BRIEF:
Extract the run of lines that starts at the top of the records below and ends at the line with "Білий Форд Ф-150, об'ємом", keeping both ends and excluding pictures.

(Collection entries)
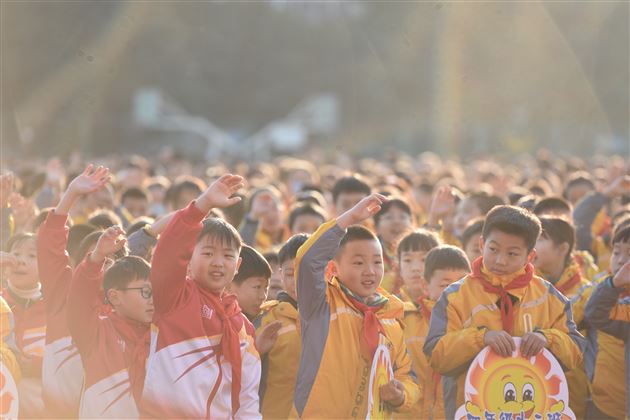 赋能心成长 蓄势新征程——棠外附小隆重举行2022--2023学年度春季开学典礼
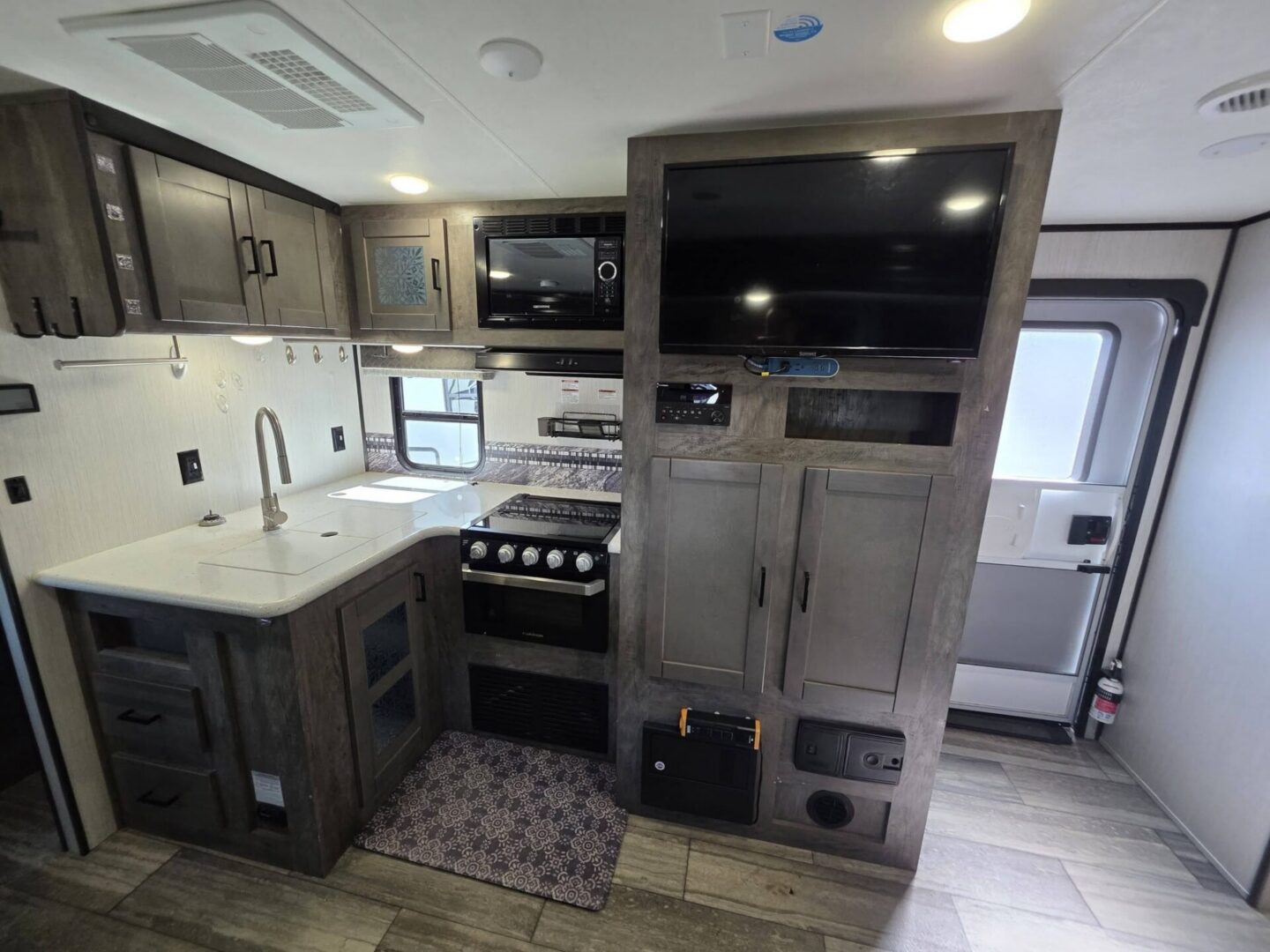 2020 North Trail 22CRB $30,294+dmv - Image 4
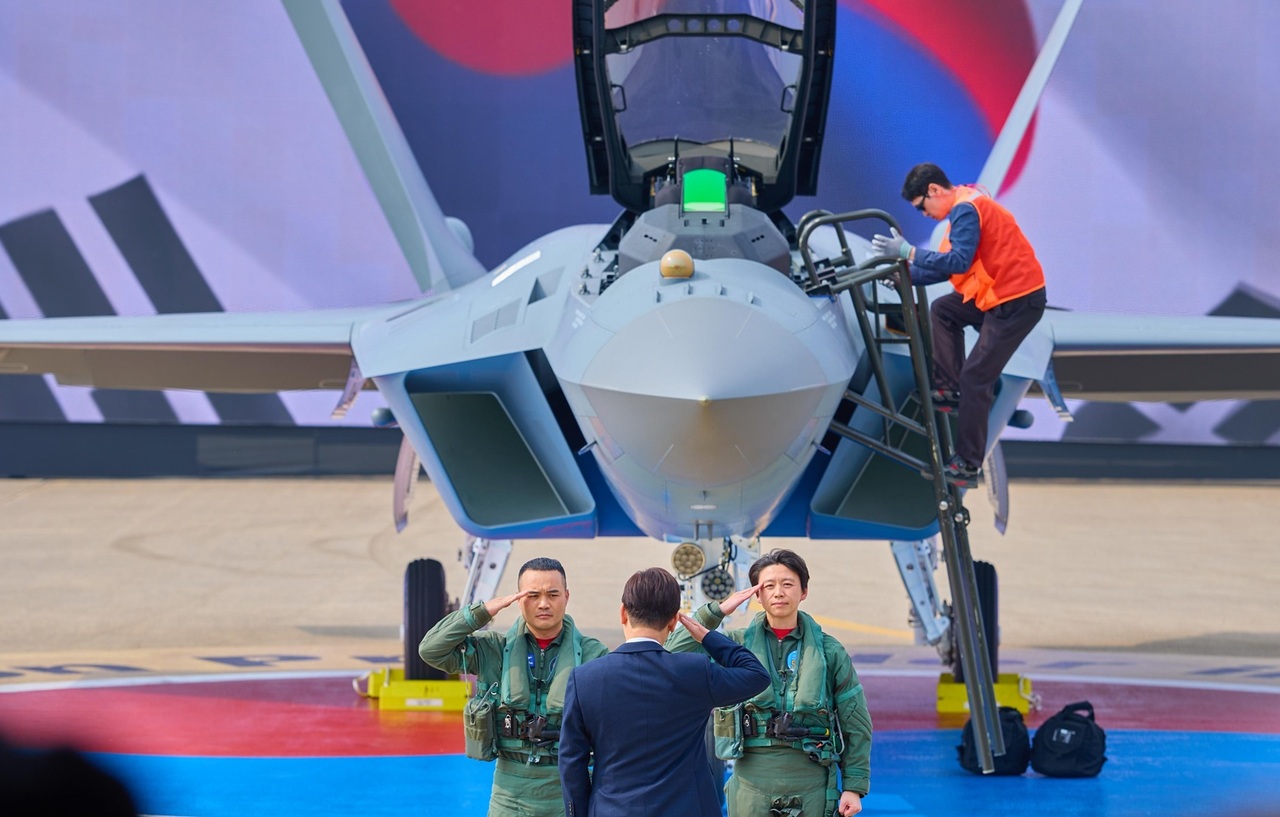韓国が世界8番目の超音速戦闘機開発国に、インドネシアとの共同開発の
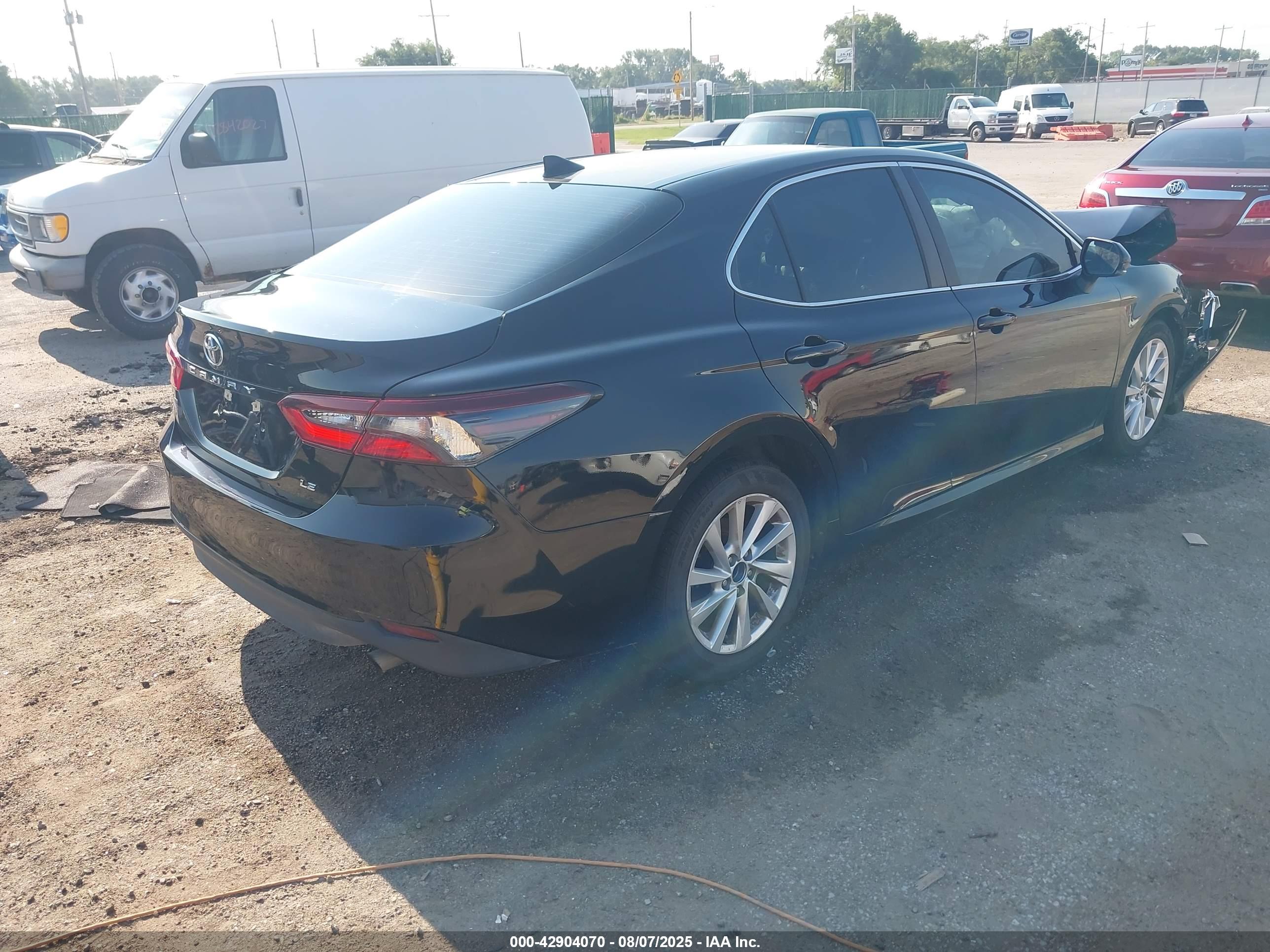 TOYOTA CAMRY image 4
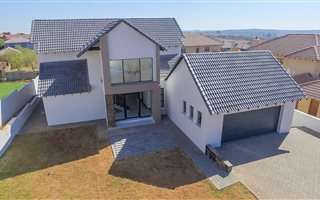 4 Bedroom House in Mooikloof Equestrian Estate
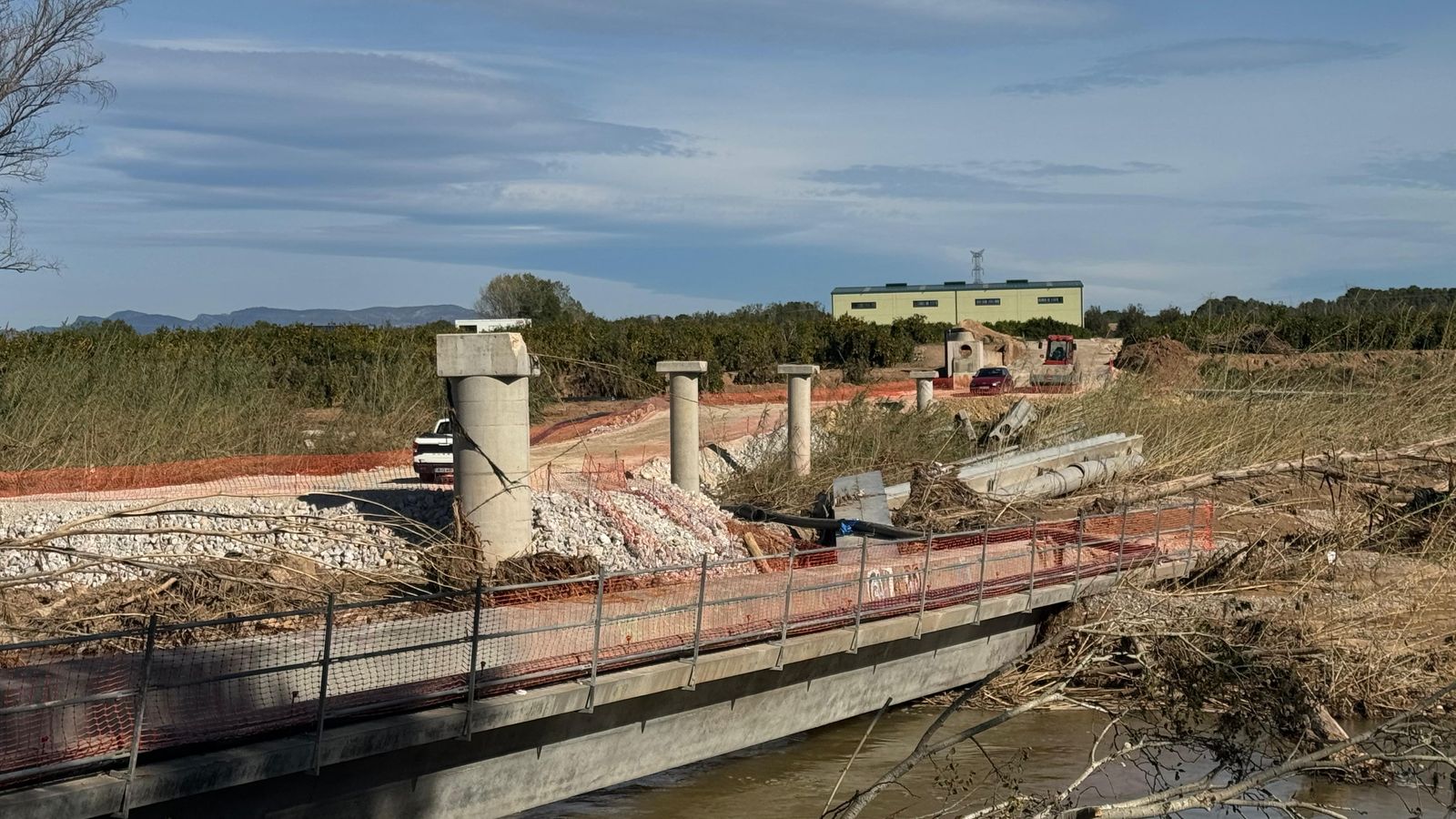 Col·lector d'emergència instalat a l'estació depuradora Camp de Túria II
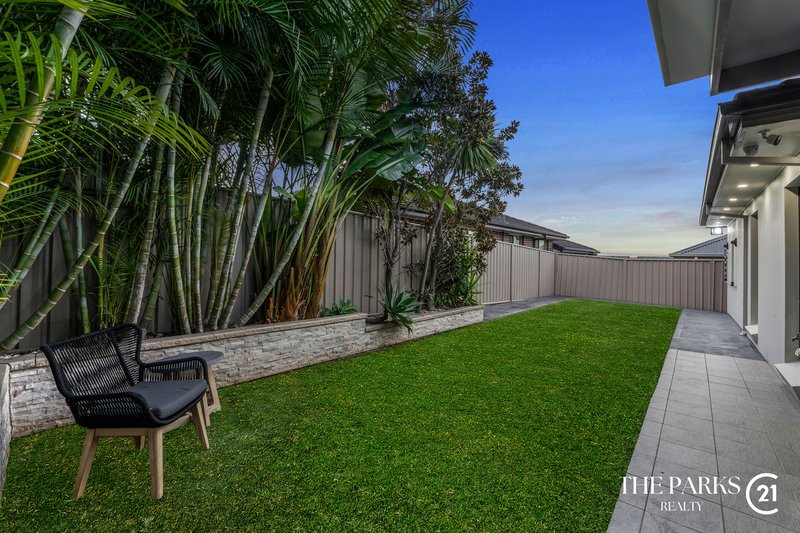 Photo - 20 Broadbent Avenue, Middleton Grange NSW 2171 - Image 33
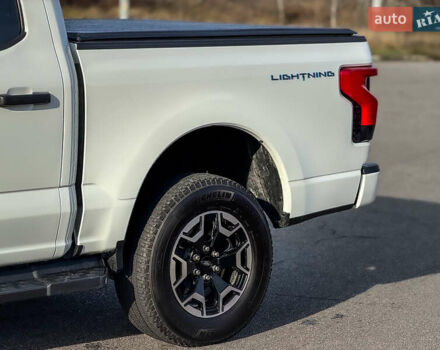 Білий Форд Ф-150, об'ємом двигуна 0 л та пробігом 14 тис. км за 45900 $, фото 7 на Automoto.ua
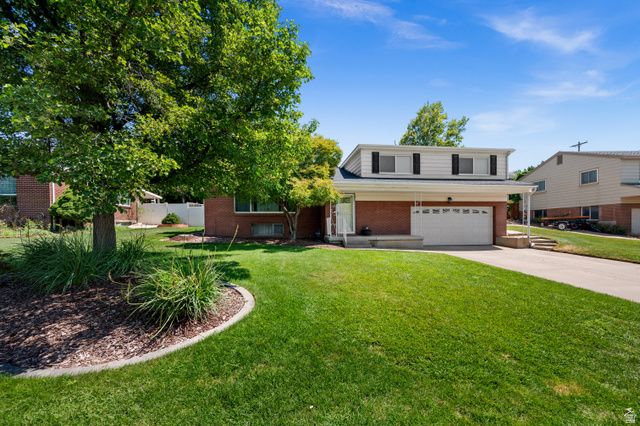 145 S KINGDON LN, North Salt Lake, UT 84054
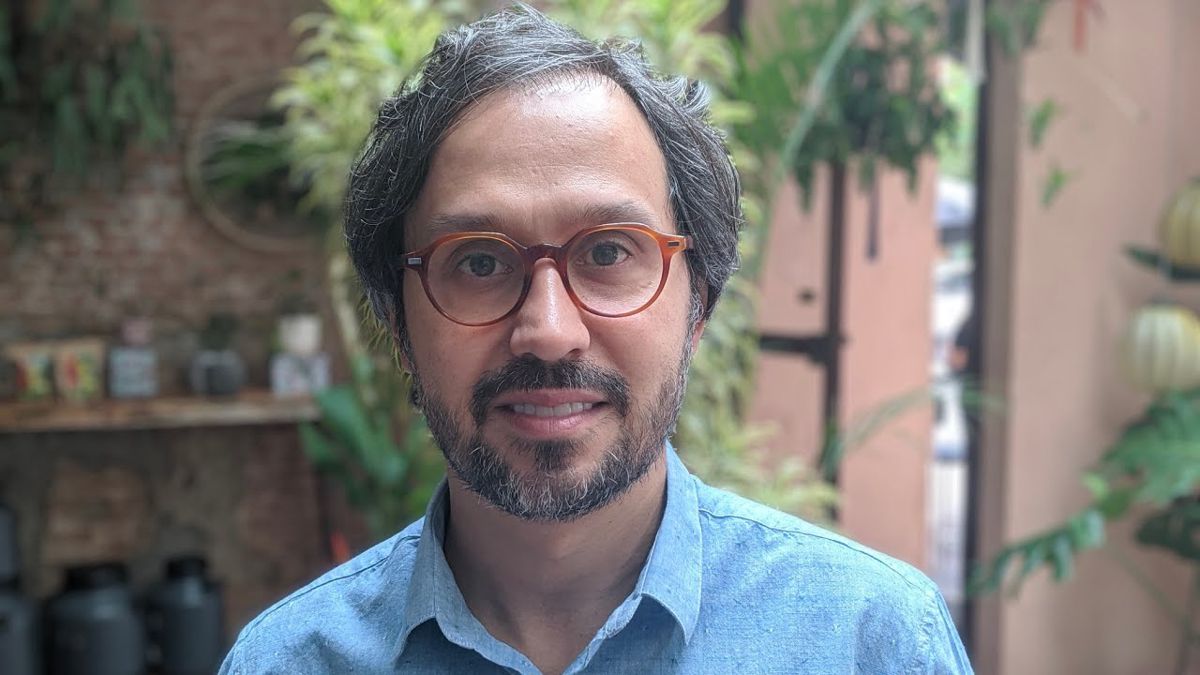 Fábio Ramos, Axur CEO, wearing glasses and a blue shirt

OUTPUT FOR THIS TASK:
 赋能心成长 蓄势新征程——棠外附小隆重举行2022--2023学年度春季开学典礼
 2020 North Trail 22CRB $30,294+dmv - Image 4
韓国が世界8番目の超音速戦闘機開発国に、インドネシアとの共同開発の
 TOYOTA CAMRY image 4
 4 Bedroom House in Mooikloof Equestrian Estate
 Col·lector d'emergència instalat a l'estació depuradora Camp de Túria II
 Photo - 20 Broadbent Avenue, Middleton Grange NSW 2171 - Image 33
 Білий Форд Ф-150, об'ємом двигуна 0 л та пробігом 14 тис. км за 45900 $, фото 7 на Automoto.ua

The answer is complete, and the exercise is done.